Research output: Contribution to journalArticlepeer-review

Abstract

Background: Cystinuria is an autosomal recessive disease that is manifested by kidney stones and is caused by mutations in two genes: SLC3A1 chromosome 2p and SLC7A9 on chromosome 19q. Urinary cystine levels in obligate carriers are often, but not always, helpful in identifying the causative gene. Objectives: To characterize the clinical features and analyze the genetic basis of cystinuria in an inbred Moslem Arab Israeli family.

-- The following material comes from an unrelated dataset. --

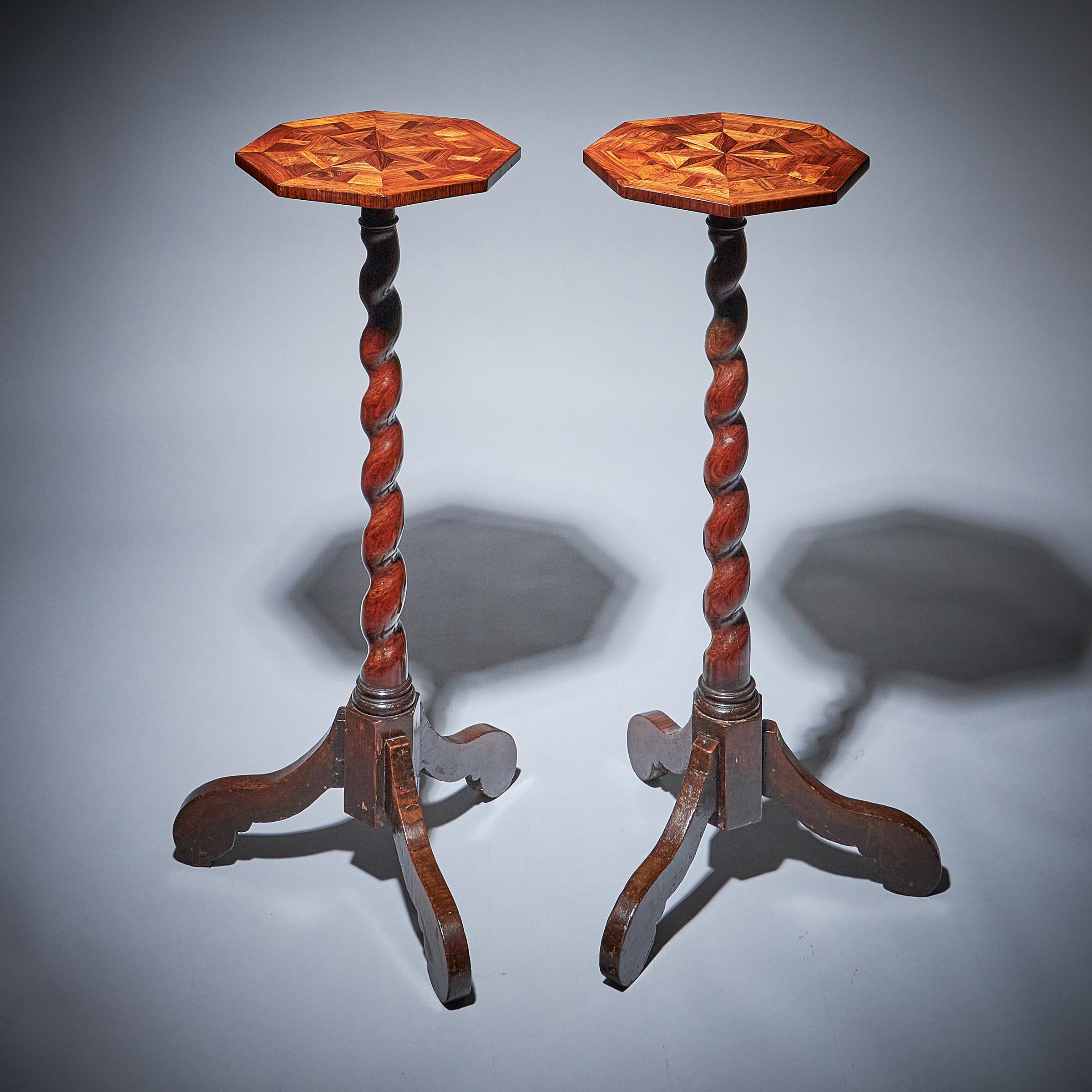 A Unique Pair of 17th Century Kingwood Charles II Parquetry Torchieres, Circa 1660. 2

Methods: Family members were evaluated for urinary cystine and amino acid levels. DNA was initially analyzed with polymorphic markers close to the two genes and SLC7A9 was fully sequenced. Results: Full segregation was found with the marker close to SLC7A9. Sequencing of this gene revealed a missense mutation, P482L, in the homozygous state in all three affected sibs. Conclusions: A combination of urinary cystine levels in obligate carriers, segregation analysis with polymorphic markers, and sequencing can save time and resources in the search for cystinuria mutations.

Original languageEnglish
Pages (from-to)513-516
Number of pages4
JournalIsrael Medical Association Journal
Volume9
Issue number7
Publication statusPublished - Jul 2007

Keywords

  • Cystinuria
  • Linkage
  • Mutations
  • SLC3A1
  • SLC7A9

ASJC Scopus subject areas

  • Bioengineering
  • Medicine(all)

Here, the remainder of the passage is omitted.